During the Senate inquiry into the incident, it was revealed that the victim was kneeling or was already slumped on the ground when his assailants pumped three bullets into his body. The investigation further revealed that it was three policemen from the Caloocan Police Community Precinct 7 who were involved in the incident and who are now relieved of their duties and placed under restrictive custody in their main headquarters.

Watching the Senate investigation into the matter one cannot help but notice glaring discrepancies in the testimonies offered by the police authorities invited to shed light on the matter. One Senator was puzzled as to why in the conduct of an autopsy no proper documentation was made by the authorities such as photographing the body of the victim during the process for records purposes. Is this not supposed to be standard operating procedure during autopsy in order to further bolster any future testimony that might be offered or made by the forensic examiner who conducted the autopsy? Another apparent discrepancy is the inability of the police authorities to offer satisfactory explanation as to the disappearance of the clothes Kian was wearing when he was shot and killed. His clothes particularly his shirt was needed in order to prove that he was in fact shot in the back as he lay slumped on the ground. Other discrepancies include the fact, as admitted by the police authorities, that Kian was not listed nor recorded as a drug user or pusher and that his reputation as such was only established through social media.

But what is really disheartening is the crude attempts by the three policemen who were involved to stick to their version of the incident that Kian shot at them with an unknown calibre of firearm and that in self-defense they retaliated to protect their lives against imminent danger and even death.

What was established during the Senate inquiry is that the victim Kian was shot to death at close range while already slumped or kneeling on the ground where he was subsequently found.

The desperate acts of the three policemen to justify their killing of Kian only shows how shallow they understood the declaration of the President about his war on drugs and how little they care and give regard to human lives.

By such an abuse of authority the entire campaign of President Rodrigo Duterte to wage a relentless war against drugs may start to unravel.
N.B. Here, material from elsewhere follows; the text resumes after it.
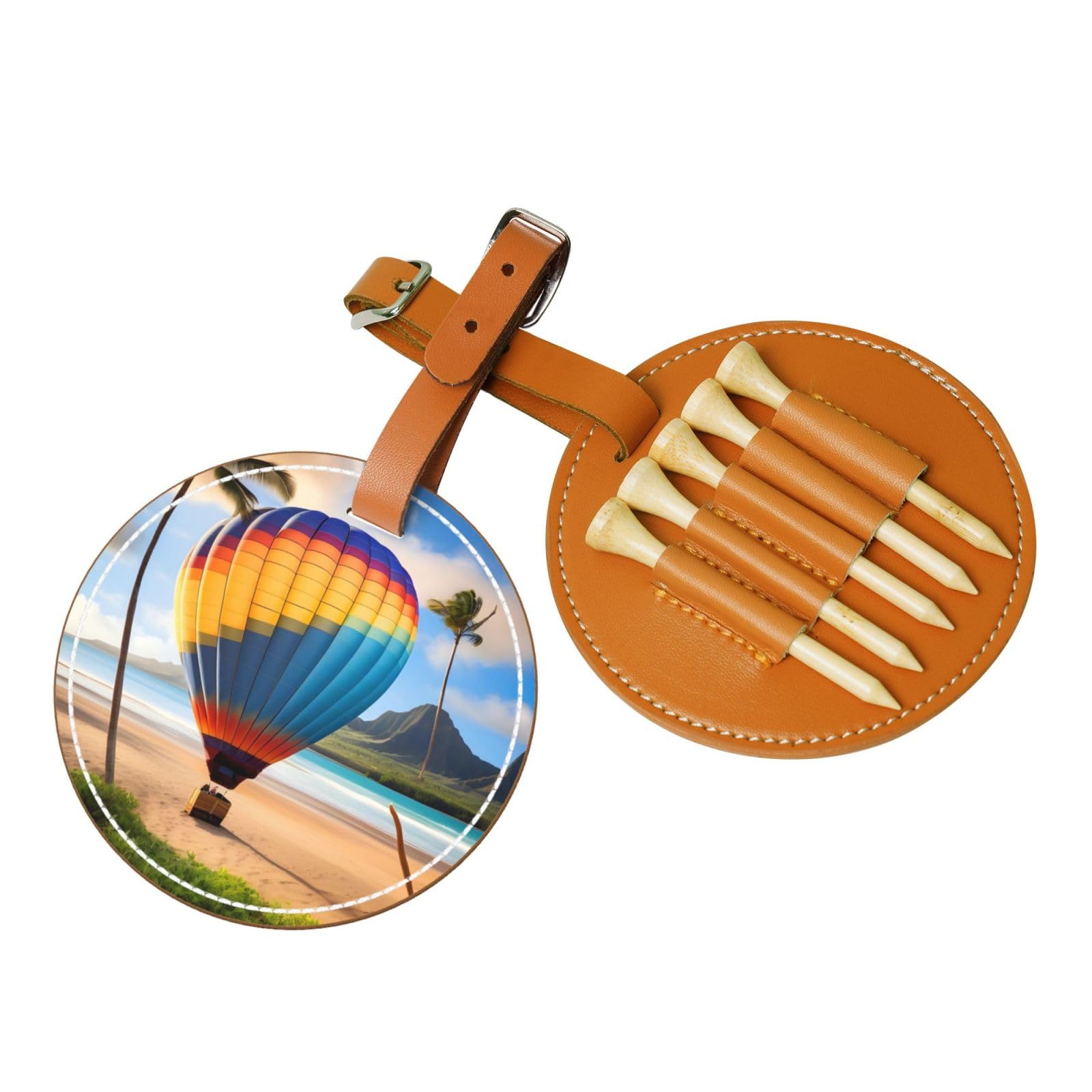 WXXWXD Hawaii Hot Air Balloon Printed Golf Tee Storage Bag - Portable Storage, Easily Organize Tees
If such kind of abuse is not prevented then truly any good thing that the Duterte administration has done with respect to its’ honest attempt to eliminate the drug scourge in the country has already failed.

There is no question that drugs must be stamped out in all levels of society but the abusive means to achieve such lofty goals will in itself lend to the destruction of the noble objective.

The oft repeated phrase “The end does not justify the means” aptly applies in the case of Kian Loyd delos Santos.

President Digong need not feel reluctant to visit the wake or even the burial of Kian since he is representing not only the police but the ordinary people themselves who may be victims of possible abuses perpetrated by the authorities.